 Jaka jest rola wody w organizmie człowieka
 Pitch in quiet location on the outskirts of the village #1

...

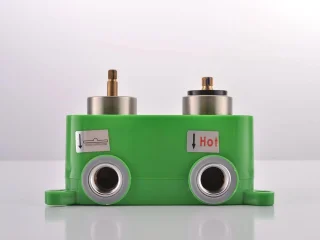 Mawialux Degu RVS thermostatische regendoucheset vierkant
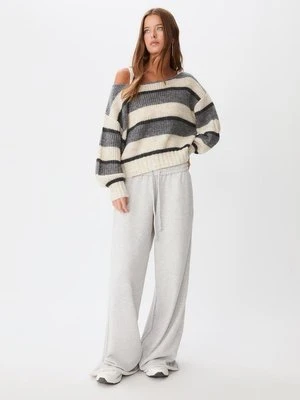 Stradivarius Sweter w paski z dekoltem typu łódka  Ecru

...

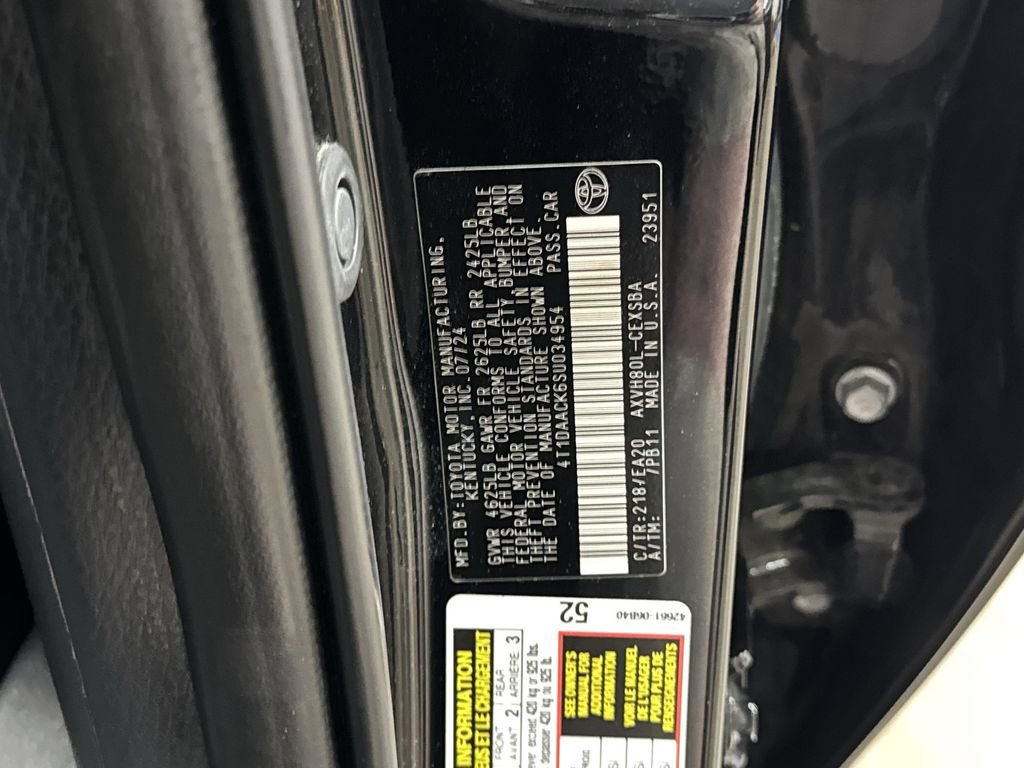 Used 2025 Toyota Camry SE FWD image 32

* [Exercise objective] Start with the line above that contains "Jaka jest rola wody w organizmie człowieka" and stop after the line that contains "Pitch in quiet". Output those lines exactly, and only those.

* [Answer for the task]
 Jaka jest rola wody w organizmie człowieka
 Pitch in quiet location on the outskirts of the village #1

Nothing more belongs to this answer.